One of the aspects that critics most focus on is, of course, religion. Throughout the text Ames grapples with theological questions, and Robinson frequently alludes to the writings of other prominent religious figures, such as Jonathan Edwards, Anne Bradstreet, John Calvin, Karl Barth, etc. Critic Christopher Leise’s article on the novel engages with Robinson and religion, his central point being that “Gilead promotes the kind of aesthetic attention to the world that Ames exhibits in these digressions, as a vehicle to an experience of the divine in the immediate and the immanent: an experience that stops short of knowing through reason and is content with simply living in the experience of the miraculous in the everyday.” Ames has heightened perception of the world around him, which is colored by his understanding that he will soon be leaving said world; this, however, does not mean he is obsessed with the infinite but seems to want to save that for when he is dead and spend his time here and now focusing on the sheer pleasure of the world.

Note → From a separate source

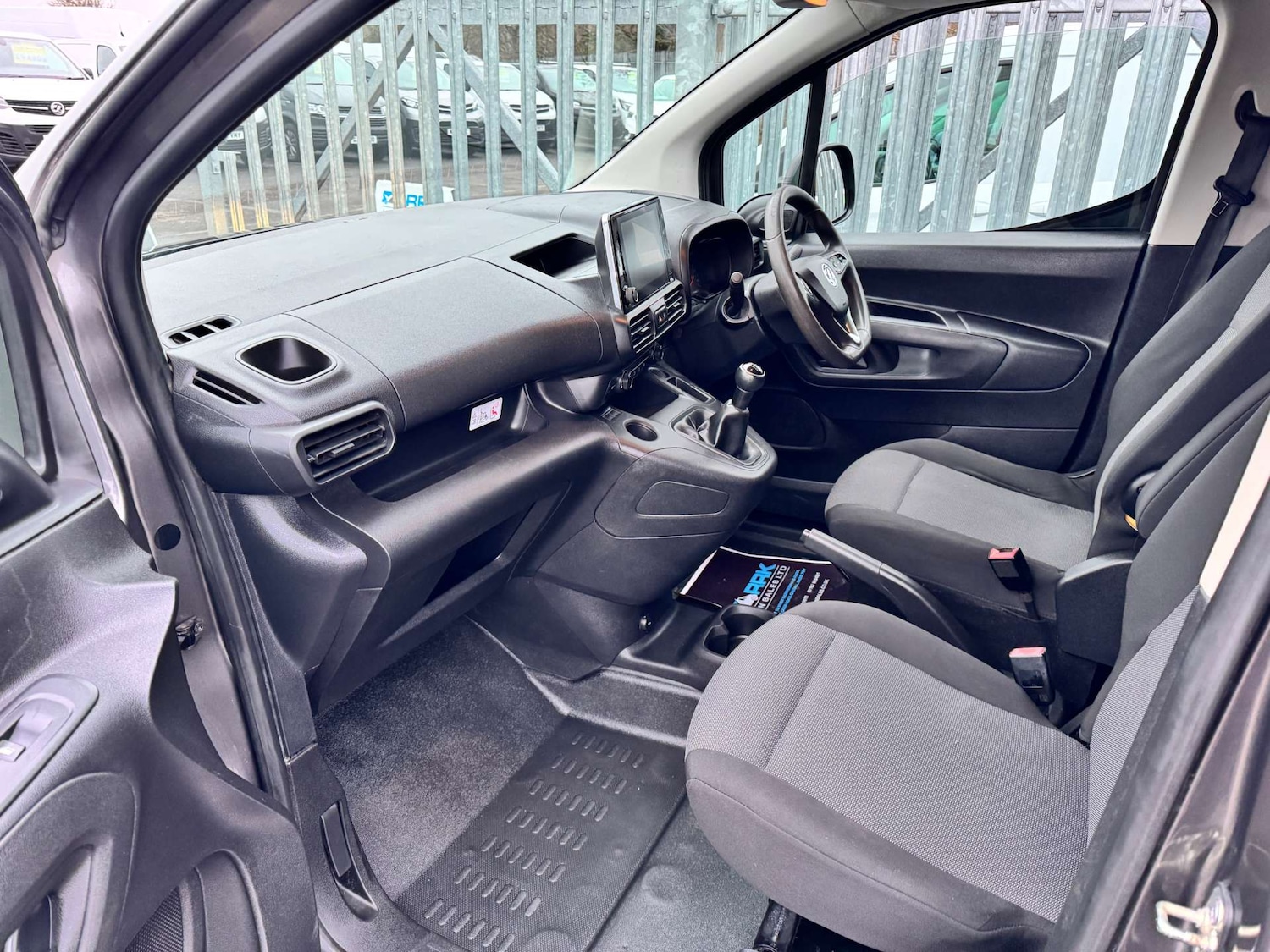 Used Vauxhall Combo 2021 for sale - 77329450: Photo 32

This is a repudiation of the Puritan tradition, Leise writes, because they had a brand of Calvinism that looked to the afterlife. Robinson has a new interpretation of Calvinism after Puritanism: “one that finds the beauty of the world not simply as an a fortiori argument for the beauty of God’s afterlife, but as an experience of the divine itself… Robinson places the humanist Calvin before the theological one.” Robinson does this through using the epistolary form of the great spiritual autobiographies that came before him, such as Augustine’s Confessions, but she “injects the much older form with a new purpose.”

The true Puritan is the first John Ames, grandfather to the narrator. He has a bleak and angry worldview, and is “defined almost as much by what he rejects as what he believes.” Ames does not espouse this. He departs from the Puritan way by not dwelling on shortcomings and suffering, by avoiding unnecessary anger and resentment (most of the time). He delights in this world and all of the sensory experiences it offers. Leise looks at he moment when he interrupts his father’s revelry with a kiss: “He decides that the elder man’s purely spiritual, abstract meditation is trumped by the rare beauty of the world about. By an act of touch, he brings his father back into the world and a more immediate spiritual experience.” He then does not have a “transcendent” moment or seek to connect his temporal experience with an infinite one; he just “re-presents the experience, the miracle of the sublime, of God made manifest in this world –never mind any higher ideas, and never mind the world beyond for just now.”

Overall, Ames emphasizes and delights in the incandescent, which is not about denying the transcendent but instead leaving heaven for heaven and focusing one’s attention and affection on the world around us.